Como um atleta olímpico
Essa foi uma ideia, a primeira. A segunda teve a ver com a própria concepção do espectáculo. “Decidi falar com o meu amigo André Teodósio, que é [encenador e fundador] do Teatro Praga, para pensarmos isso em comum. Porque há uma forma que ele tem de levar a vida e de ver a arte do espectáculo que é muito parecida com a minha. Ou seja, não há regras, não há limites.” Isto para dar forma àquilo que Gisela já tinha de algum modo em mente. “O que quero fazer nestes concertos é contar um pouco a história de como é que cheguei a este disco, o que é que fiz no passado para chegar a ele e o que é que vem no futuro. Contar essa história, mas sem aquela ordem aborrecida, fez assim, andou p’rá ali e acabou assim.” Uma história onde vogam um disco praticamente desaparecido (O Meu Fado, de 2006) e o trabalho com o grupo Atlantihda.

Para que isso funcione, Gisela resolveu trabalhar essa ideia intensivamente, todos os dias com os músicos, “do meio-dia e meia às sete e meia” e de terça a domingo (à segunda tiram folga). Para os concertos e também para o seu futuro disco. “Agora, tenho uma coisa que não tinha antes de sair este disco: as pessoas vão com uma expectativa criada e as que já o ouviram têm a fasquia num sítio que não sei qual é, mas que me assusta. Uma vez disseram-me, a brincar: 'Gisela, tu agora tens que pensar que tens de ser como um atleta olímpico'. E é verdade. Porque se um dia me deitei um pouco mais tarde, as pessoas que pagam bilhete não têm nada a ver com isso.”

Ensaios obsessivos
Um disco novo, com novo repertório, deverá surgir já em 2015. Nos coliseus, Gisela cantará uns sete temas novos, mas evita nomeá-los, prefere que a surpresa funcione. Alguns serão, como já antes sucedeu, fados clássicos que ela tentará moldar à sua voz. “Não gosto nada da ideia de andar a mostrar coisas antes do disco sair.
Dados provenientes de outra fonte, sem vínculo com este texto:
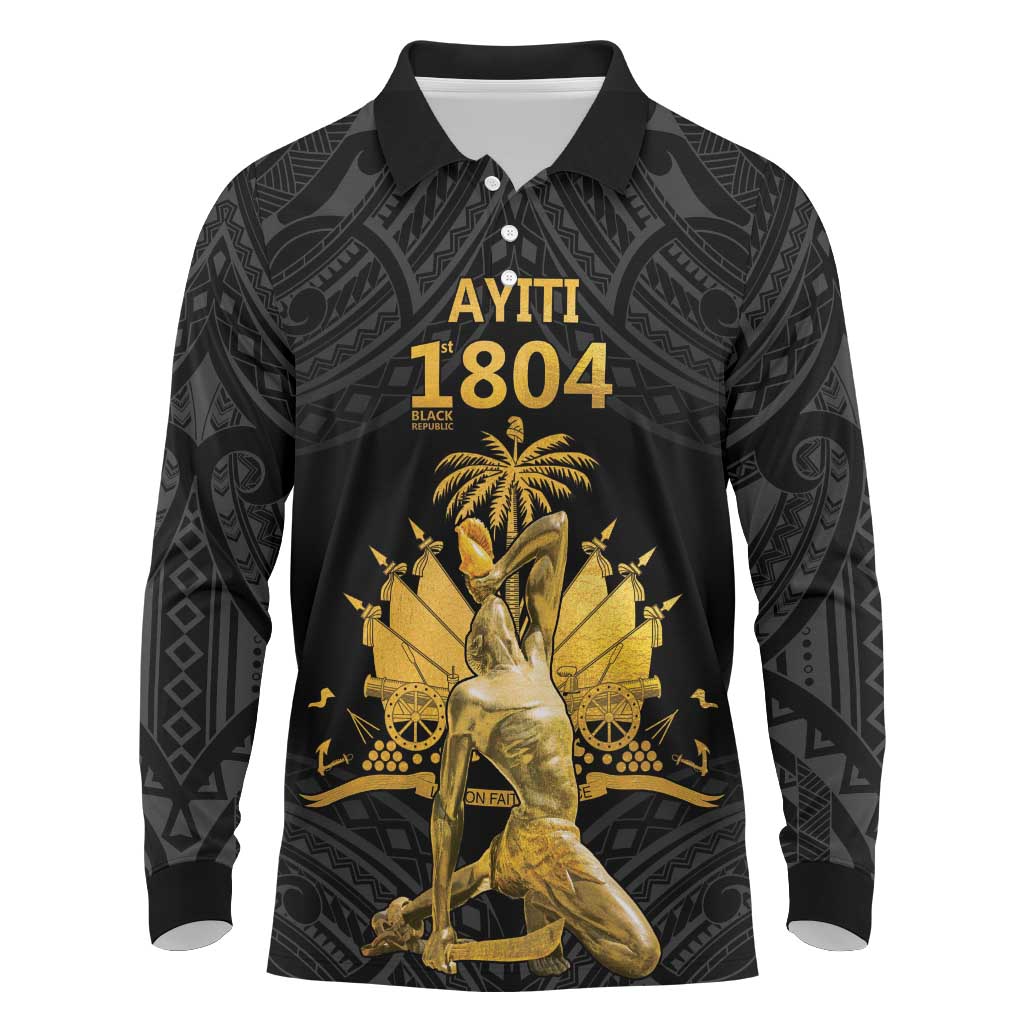 Haitian Negre Marron 1804 Long Sleeve Polo Shirt Black Polynesian Pattern - Wonder Print Shop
Faz-me espécie, como se fosse uma aldrabice. Gosto do desafio de dizer: 'Está aqui, é isto'. E as pessoas ouvem e gostam ou não. Acho que é um truque andar a mostrar bocadinhos.” Facto é que, e ela admite-o, o disco de 2013 surgiu assim. “A maioria das coisas, eu já cantava, é verdade. Mas o que vou fazer agora, neste disco, é um pouco diferente. Eu cantava o Meu amigo está longe aí há uns dez anos, e o poema e a música ficam de tal forma cá dentro que canto aquilo cada vez mais à-vontade e consigo brincar muito mais. Por isso é que temos estes ensaios, obsessivos, para experimentar e experimentar.”

A busca pelos poemas tem sido incessante e exaustiva. “Chegam-me tantos poemas, leio-os e gosto. Mas,, depois para os cantar, não encaixam. Então, prefiro procurar nos antigos.” Voltando aos coliseus, terá nas novidades “um bocadinho dos dois”. “Assumidamente gosto muito do fado tradicional, dos fados-canção que são considerados fados tradicionais. Diziam que era muito importante ter repertório meu e isso assustou-me um bocado, mas agora acalmei um pouquinho. Porque não acho que seja menor reinterpretar coisas que já estão esquecidas, cantá-las de novo e mostrá-las aos jovens. Porque é isso que me interessa.”

Mas isto não invalida a escolha de temas novos e, nestes, Gisela reincidiu num nome: “Mais uma vez, o João Lóio [autor de Vieste do fim do mundo]. Estou cada vez mais encantada com esse senhor. Não sei ainda bem qual dos poemas que tenho trabalhado vai ficar. Mas ficará um ou dois, não sei bem. E ando com conversas com uma pessoa que admiro muito e que tive muita pena de não ter vindo a tempo para o meu disco anterior, que é a Manuela de Freitas. É das pessoas mais incríveis a escrever para fado. E tenho andado a ler algumas coisas de poetas com quem ainda não falei. Vamos a ver…”

Nos coliseus, com Gisela João, estarão Ricardo Parreira (guitarra portuguesa), Nelson Aleixo (viola de fado) e Francisco Gaspar (viola baixo). A encenação é de André Teodósio, do Teatro Praga, e a direcção musical é de Frederico Pereira. “Não haverá mais músicos, mas, no futuro, vejo como possível estes mesmos músicos abordarem os instrumentos de outra forma. E há outro desafio, este colocado a mim própria: o fado não tem necessariamente que ser a guitarra portuguesa, a viola e o baixo. O fado está muito na interpretação e na estrutura melódica da própria música. Então, talvez apareçam umas coisas electrónicas, quem sabe?”